15. The method of claim 14, wherein training the machine learning model to determine whether to perform auto-reconciliation operations or a manual reconciliation process comprises:
training the machine learning model to generate recommendation scores, the recommendation scores to be used for determining whether to perform (a) the auto-reconciliation operations or (b) the manual remediation operations to remediate the discrepancies between the datasets.
16. The method of claim 15, wherein the first selection to perform the auto-reconciliation operation is based on a first recommendation score generated by the machine learning model.
17. The method of claim 16, wherein the training datasets of historical data are divided into time periods,
wherein the training datasets of historical data exemplify rules for performing auto-reconciliation and manual reconciliation to reconcile discrepancies between datasets, and
wherein training the machine learning model comprises:
based on the training datasets, training the machine learning model to generate the first recommendation score based on determining auto-reconciliation was performed in a first number of preceding time periods less than a second threshold number; and
training the machine learning model to generate a second recommendation score, lower than the first recommendation score, based on determining the auto-reconciliation was performed in a second number of preceding time periods equal to, or greater than, the second threshold number,
wherein the second recommendation score corresponds to a recommendation to perform manual reconciliation.
18. The method of claim 16, further comprising:
executing a selection process that selects the auto-reconciliation operation based on the first recommendation score; and
executing the auto-reconciliation operation to resolve the first discrepancy.

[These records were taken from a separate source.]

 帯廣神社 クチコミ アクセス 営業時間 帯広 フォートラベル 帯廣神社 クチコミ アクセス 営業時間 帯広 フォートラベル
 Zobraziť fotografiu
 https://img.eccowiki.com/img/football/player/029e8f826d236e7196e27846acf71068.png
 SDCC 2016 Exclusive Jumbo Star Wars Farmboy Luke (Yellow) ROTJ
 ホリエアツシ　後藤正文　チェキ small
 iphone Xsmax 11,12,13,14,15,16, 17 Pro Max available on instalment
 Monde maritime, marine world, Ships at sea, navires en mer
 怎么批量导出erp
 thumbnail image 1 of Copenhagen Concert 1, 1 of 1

19. The method of claim 14, further comprising:
analyzing a third set of event records and fourth set of event records to identify a second discrepancy between the third set of event records and the fourth set of event records;
applying the machine learning model to the second discrepancy to generate a second selection to perform a manual reconciliation operation to remediate the second discrepancy; and
presenting a recommendation for a user to execute the manual reconciliation operation to resolve the second discrepancy.
20. A system comprising:
at least one device including a hardware processor;
the system being configured to perform operations comprising:
obtaining training datasets of historical data, the training datasets comprising:
discrepancies between historical datasets of event records; and
labels specifying one of: an auto-reconciliation process performed without human intervention or a manual reconciliation process performed by a human for remediating the discrepancies between the historical datasets of event records;
training a machine learning model to determine whether to perform (a) auto-reconciliation operations, without human intervention, to remediate discrepancies between datasets or (b) manual remediation operations, with human intervention, to remediate the discrepancies between the datasets;
obtaining a target pair of datasets comprising:
a first dataset comprising a first set of event records; and
a second dataset comprising a second set of event records;
analyzing the first set of event records and the second set of event records to identify a first discrepancy between the first set of event records and the second set of event records; and
applying the machine learning model to the first discrepancy to generate a first selection to perform an auto-reconciliation operation, without human intervention, to remediate the first discrepancy.